Other risk factors for major complications included male sex, age 55 years or older, and obesity. Risk was lower when abdominoplasty was performed in an office-based surgical suite, compared to a hospital or surgical centre.

Julian Winocour

"Surgeons often refer patients with major illnesses, such as heart disease, to hospitals, which may be responsible for this observed trend in complications," said Winocour.

Diabetes and smoking - two major surgical risk factors - were not associated with a significant increase in complications after abdominoplasty.

"That likely reflected Board-certified plastic surgeons' practice of not offering abdominoplasty to poorly controlled diabetics and recommending strict smoking cessation for at least four weeks before and after surgery," added Wincour.

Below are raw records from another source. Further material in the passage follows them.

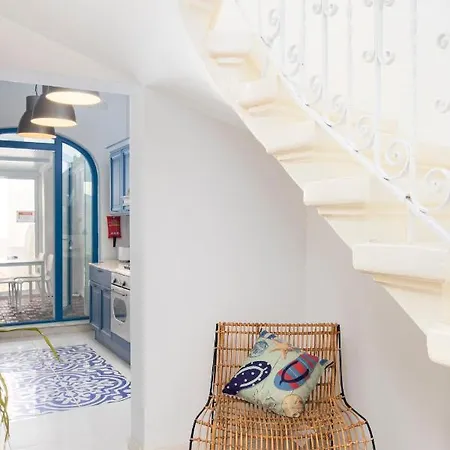 度假居 Chic, Stylish Traditional Townhouse With Terrace - 圣保罗湾城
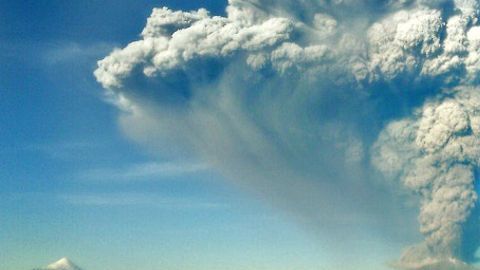 Unas 1.500 personas fueron evacuadas tras la erupción del volcán Calbuco.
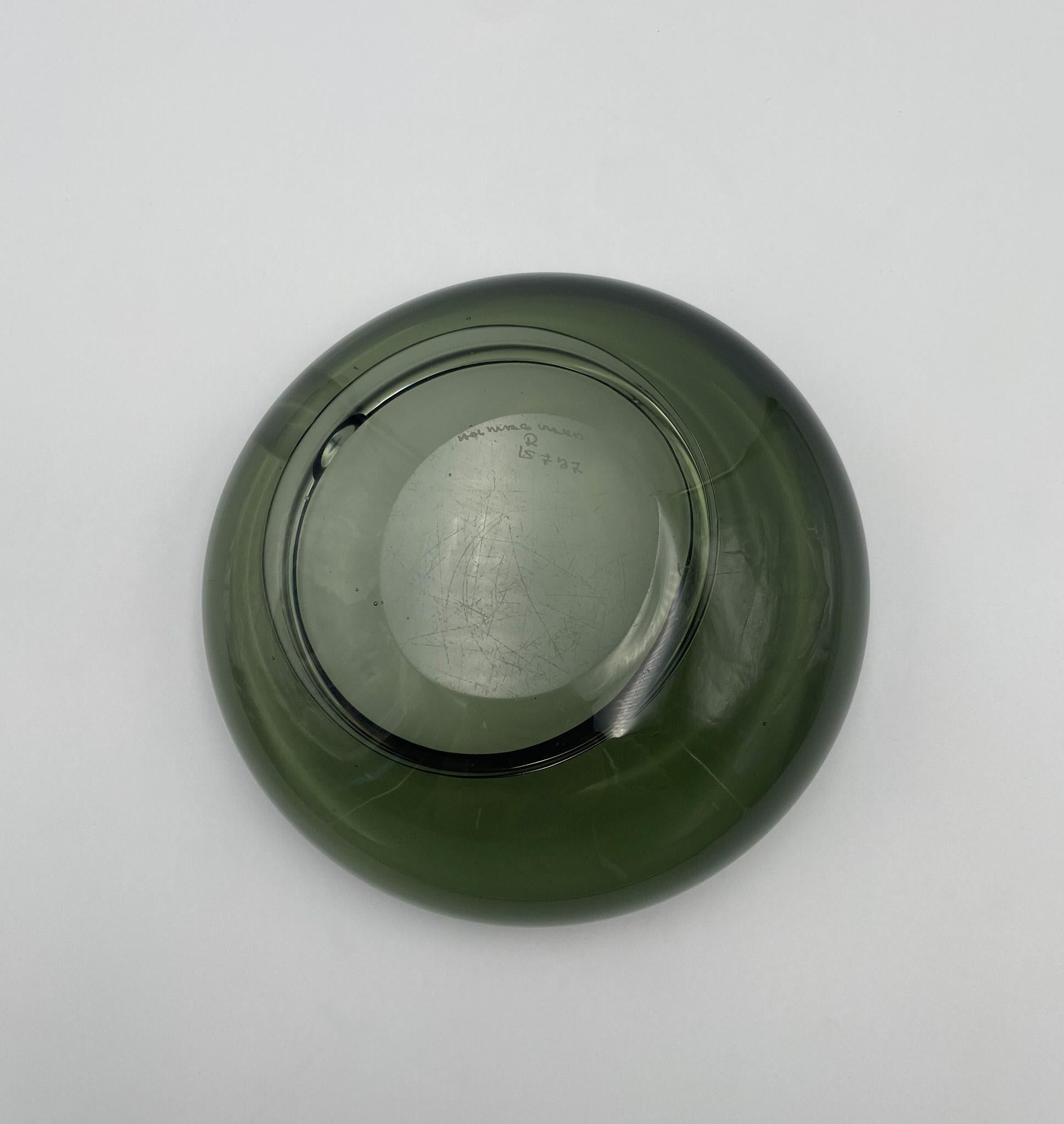 Per Lütken Modernist Glass Ashtray / Bowl for Holmegaard, Denmark, 1960's  For Sale 11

The study adds to previous evidence that abdominoplasty carries a higher complication rate than other cosmetic plastic surgery procedures.

"Although the overall incidence of major complications is low, such complications can leave a potentially devastating cosmetic outcome and pose a significant financial burden on the patient and surgeon," the researchers write.

The researchers draw special attention to the risk associated with multiple procedures, especially since nearly two-thirds of patients in the database underwent other cosmetic procedures combined with abdominoplasty. Winocour and colleagues suggest that some patients at high risk of complications might be better off undergoing staged rather than combination procedures.